En tout cas c’est celui que je préfère même si je devrai
rejouer à Drake & Drake
histoire d’en être sûr (j’avais beaucoup apprécié
la partie avec Bruno
jouée à Descartes Lyon
).

Dans ce jeu, chaque joueur
doit essayer de récupérer la plus grosse somme d’argent, répandue
en 12 paquets de valeurs 10 000 à 50 000 $. Le total est de 260 000 $,
ce qui donne une moyenne de 20 000 et des poussières par paquet.
Pour remporter un paquet, le joueur doit disposer de la plus grande influence
sur la ligne ou la colonne concernée.

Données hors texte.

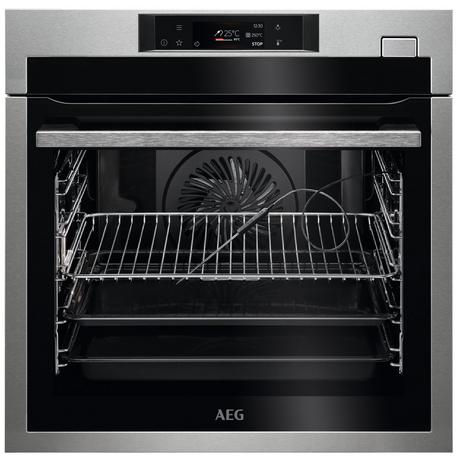 AEG BSE782380M 59.5cm Built In Electric Single Oven Anti Fingerprint Stainless Steel - 1000011044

Cette influence lui est procurée
par ses hommes de main, majoritairement de valeur 1, mais également de
valeur 2 ou 3. Quelques pions de valeur 0 sont même présents, représentant
des indicateurs et bien utiles pour ne pas gaspiller ses forces et procéder
à des échanges intéressants et inattendus de position
s
avec des hommes plus forts.

Un set de cartes actions,
identique pour les 2 joueurs, pimente le jeu. En fait, je n’apprécie
que modérément ce type de chaos, mais c’est la mode visiblement
et, dans Tony & Tino, les cartes étant les mêmes pour les 2
joueurs, on ne peut pas parler de hasard pur. Surtout que Bruno a tenu à
ne placer qu’un nombre restreint de cartes différentes, afin de les mémoriser
plus facilement et de garantir une certaine logique au jeu.

Le résultat est intéressant
: Tony & Tino est un jeu purement mathématique où les joueurs
devront faire preuve de finesse de placement mais aussi d’opportunisme lorsqu’ils
ont en main des cartes qui sont susceptibles d’être jouées rapidement
(carte de veto par exemple).
Un seul bémol, à mon goût : pourquoi Tony & Tino, qui
puise sa richesse dans un principe mathématique éprouvé
(les intersections en 2 dimensions), ne s’est-il pas offert le luxe de rester
un jeu abstrait ? Et oui, aujourd’hui les jeux abstraits n’ont plus trop la
cote. Pourtant, quels jeux ne sont pas basés, de près ou de loin,
sur une mécanique qui n’a rien de thématique ? Et avec une présentation
soignée, un jeu abstrait est nettement plus attractif qu’un sempiternel
jeu de plateau sans thème convaincant…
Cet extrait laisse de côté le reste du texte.